This book takes us into the world of corporate greed and gives us a glimpse into the personalities of the people who led a multi-billion dollar corporation to financial ruin. It is a movie about greed at its most base level and how the leaders of this corporation, people making hundreds of thousands a year, had no hesitation to fleece their employees out of their life savings, all in the name of maintaining their own standard of living while their world was crumbling around them.
For the uninitiated, Enron was one of the largest energy corporations in the United States. People made it their life’s work to toil in the “real jobs” – coming to work each day for a decent, though not overly generous, wage – all the while knowing that when the time came for their retirement, they would be well looked after since the value of their retirement savings would sustain them.
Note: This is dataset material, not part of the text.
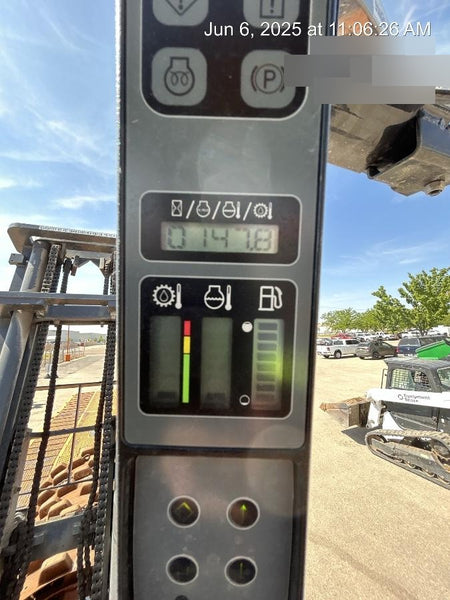 2023 CASE 588H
But that was before the corporate bigwigs saw the company taking a turn for the worse. They needed an infusion of capital and decided that the best place to get it would be from their own employees. So they talked them into investing their entire 401K portfolios in company stock, and then they slid a little “clause” into the agreement that would prevent those same employees from bailing out of those investments when things began looking bad.
The end result is that while many of the corporate executives went to jail, others got away scot-free. The corporation went under, and the employees – the little people with no say and no ability to divest themselves of those bad investments before it was too late – lost everything they had worked all their lives for.
A tragic, though true, film that shows us the tragically ugly side of unbridled greed.